• **Data listing**:
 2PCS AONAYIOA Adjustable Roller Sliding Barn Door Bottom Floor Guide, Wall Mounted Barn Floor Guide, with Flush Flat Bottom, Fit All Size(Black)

* * *

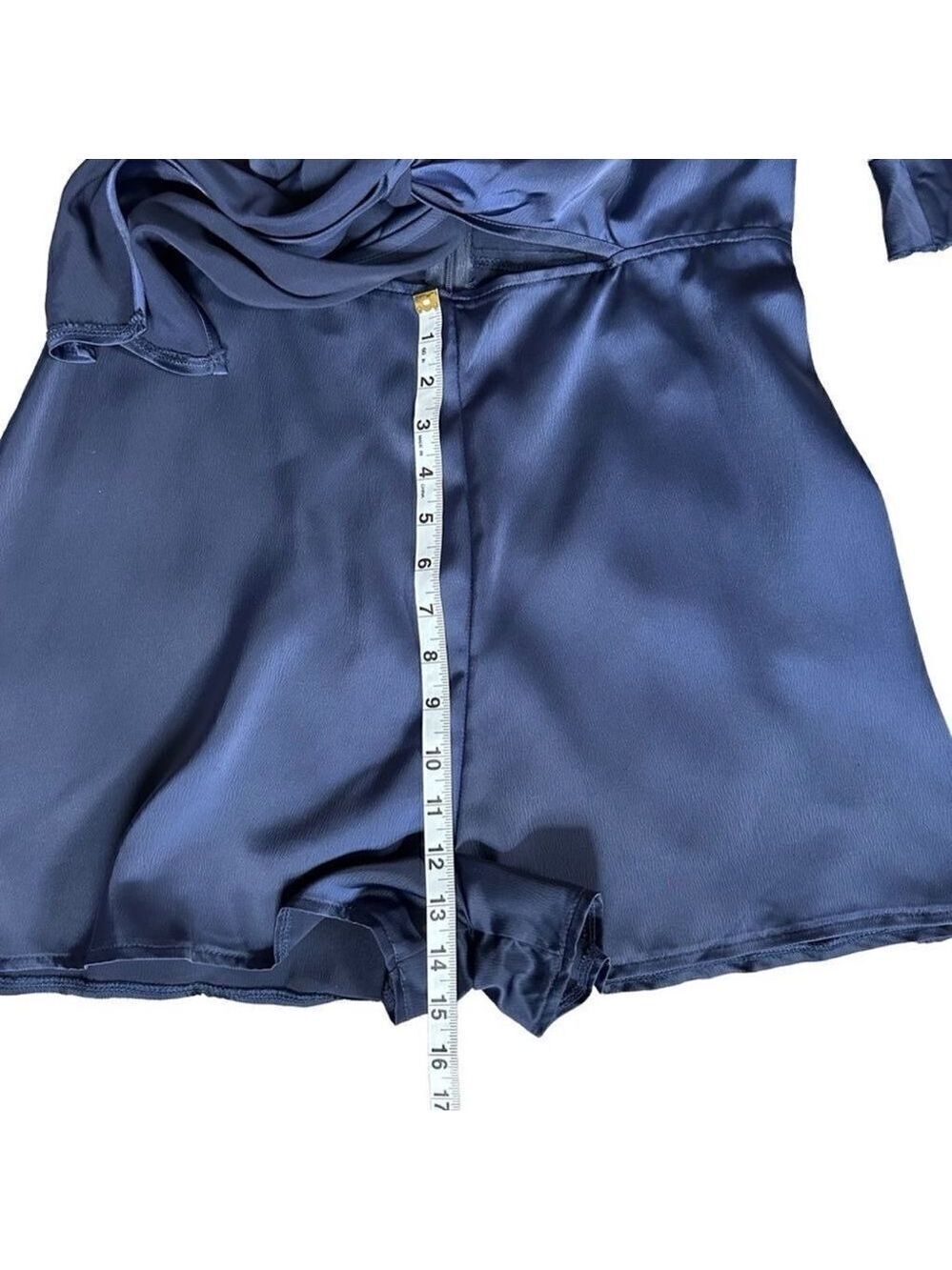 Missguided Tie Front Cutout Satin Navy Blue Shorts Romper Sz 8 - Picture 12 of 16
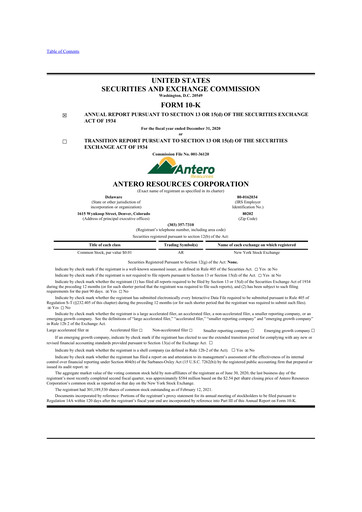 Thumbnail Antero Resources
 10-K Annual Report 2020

• **Problem to solve**: From the records above, transcribe exactly the lines starting at the one containing "Thumbnail Antero Resources" and ending at the one containing "10-K Annual Report 2020". Skip the pictures.

• **Output**:
 Thumbnail Antero Resources
 10-K Annual Report 2020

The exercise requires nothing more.